The truth is, too many of my neighbors and friends already feel like they’re barely surviving: they face staggering health care and student loan debt, they’ve lost their home or can’t access credit to buy one, and after years of under- and unemployment, they’ve lost hope of ever finding a job with a living wage.  And as a Chicago south-sider, I see everyday that these struggles are even more severe among communities of color, who are disproportionately affected by our floundering economy and failed economic policies.
Meanwhile, the rich get richer and life is better than ever for the wealthiest Americans.  I know because I am the 1%: my parents’ high incomes paid for private education and excellent healthcare, allowed me to graduate from an Ivy League school without debt, cushioned our family through the recession, and afforded me privileges that I will no doubt pass on to my own children.  
So it’s true: it won’t feel like free-fall right away if we step off the “fiscal cliff.”  In the long run, though, for people like me and my family, the parachute of privilege we wear will help us survive without a scratch.  The vast majority of Americans aren’t so lucky.

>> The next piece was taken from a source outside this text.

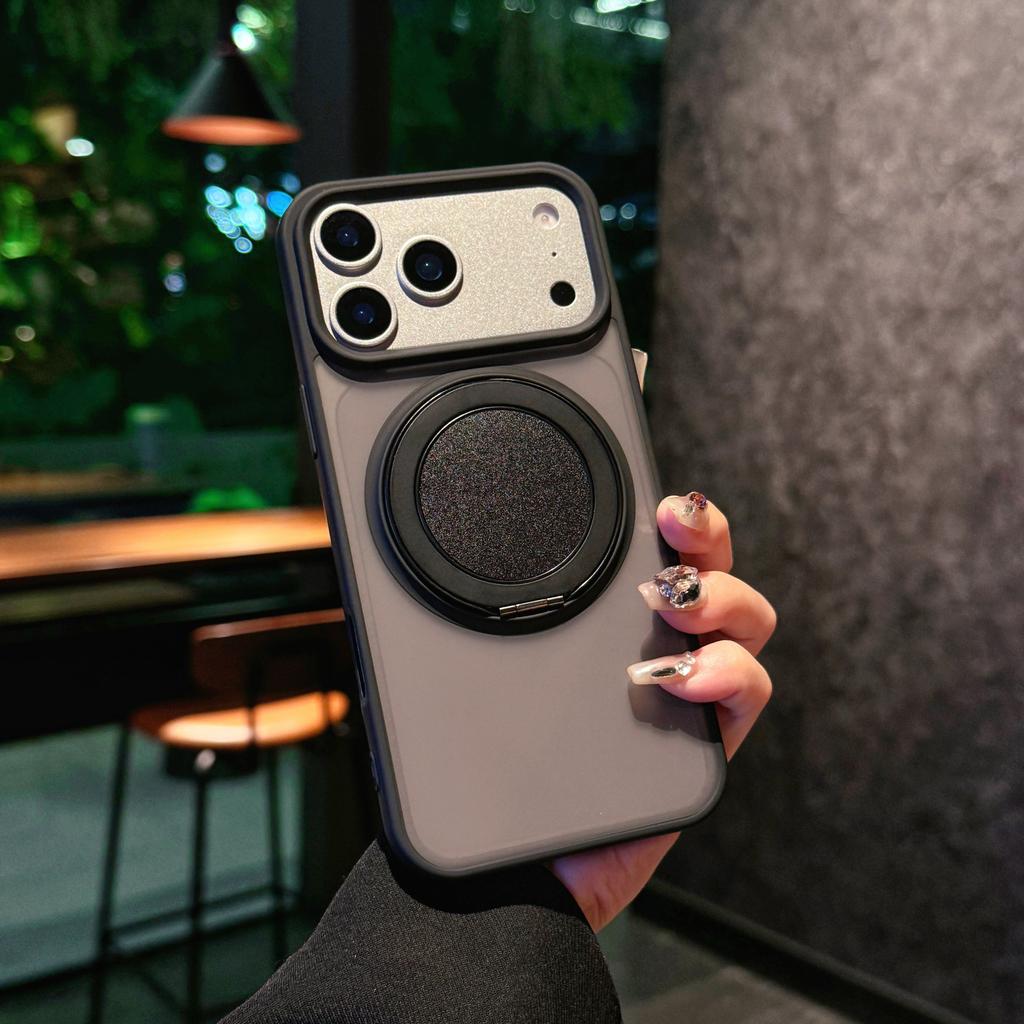 360° Roating Kickstand Ring Holder Matte Case for Magsafe Charge for iPhonne Air 17 16 15 14 Plus 13 12 11 Pro Max Armor Cover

Working with Resource Generation, an organization that organizes young people with financial wealth to leverage resources and privilege for social change, I have learned just how unjust our tax codes are.  As a nation, we have more than enough to go around.  We simply need to be courageous enough to ask the richest people and corporations to finally pay their fair share.  Good first steps would be closing tax loopholes for corporations, ending subsidies to agro-business and the oil and gas industries, and passing the Buffett Rule and a higher capital gains tax for individuals.
It’s time for corporations to pay their fair share. It’s time for the wealthy to pay our fair share. I volunteer. Raise my taxes.  
Ashley Horan, Chicago
Dear Editor,
We believe that cuts to the Pentagon shouldn’t go only to deficit reduction, but to reinvestment in schools, health care, and infrastructure.  We believe in raising taxes on the rich enough to actually expand social programs – not merely slow the bleeding.  And many of us are wealthy – I know, because I am one of them.   I want the Buffett rule, I want higher capital gains taxes, I want a transaction tax, and I want my income tax raised. Obama’s current position is actually less than I should be able to get away with, and less than the country deserves.